One of the QPDC’s main project areas is deciphering viral/host protein interactions, involving a three-year collaboration with Kirsten Spann at the Sir Albert Sakzewski Virus Research Laboratory (SASVRL) at the Royal Children’s Hospital in Brisbane and Peter Collins at the National Institutes of Health in the US.
Collins is an experienced virologist and a world authority on paediatric respiratory viruses, and in particular respiratory syncytial virus (RSV). He was the first person to make a recombinant clone of RSV and is currently pursuing gene knockout experiments with the aim of producing a vaccine.
A graduate of the University of Queensland, Spann worked in Collins' lab in the US as a postdoctoral fellow before returning to Australia and setting up her own group in Brisbane, literally just down the road from Gorman.
“It is a very good collaborative network,” Gorman says. “Cell lysates from the gene knockouts experiments come from the US for analysis in Brisbane at SASVRL and QIMR, and it is working really well.”
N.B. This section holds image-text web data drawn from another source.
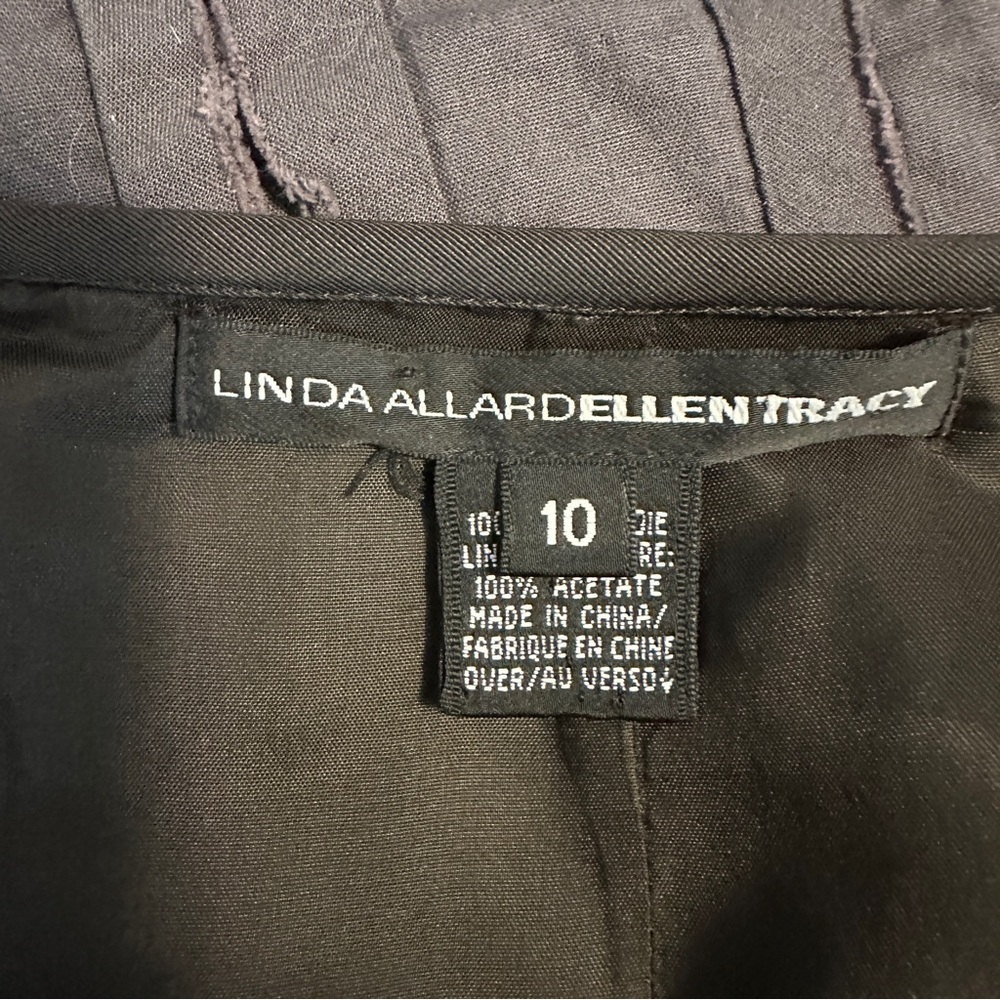 Linda Allard for Ellen Tracy 100% silk skirt, size 10, lined, office, evening - Picture 2 of 12
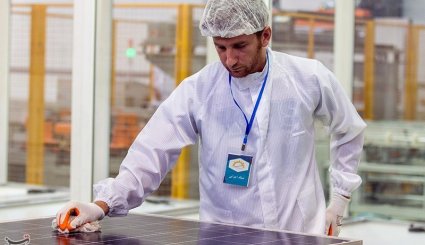 افتتاح کارخانه پنل های خورشیدی در شهرک صنعتی شیراز
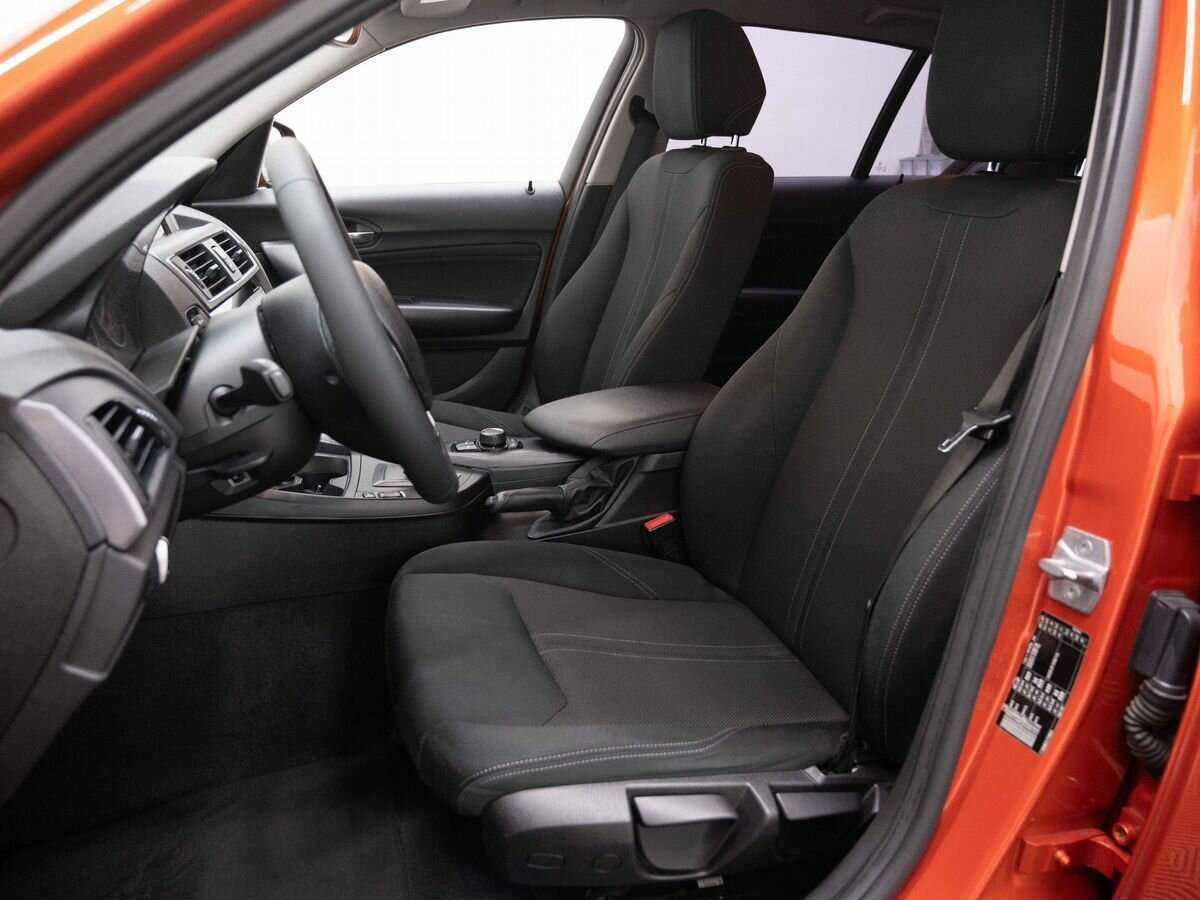 BMW 1 серии 118i, 2017 Фото №8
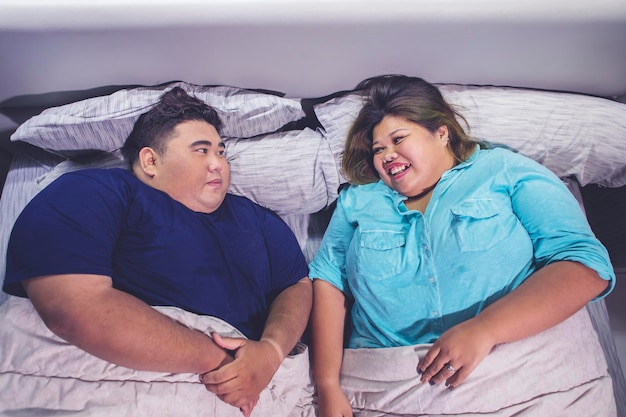 Top retrato de casal gordo conversando antes de dormir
RSV is a major cause of severe lower respiratory tract infection in infants and serious disease in immunocompromised adults and the elderly. The health care burden due to RSV infection in Australia is considerable – between half and two per cent of children with their first RSV infection require hospitalisation, with most of these kids under six months of age.
Nearly all children will have been infected with the virus by two to three years of age. However, natural infection with RSV does not induce protective immunity, and thus individuals can be infected multiple times even within the same season. Development of an effective and safe RSV vaccine is a high research priority.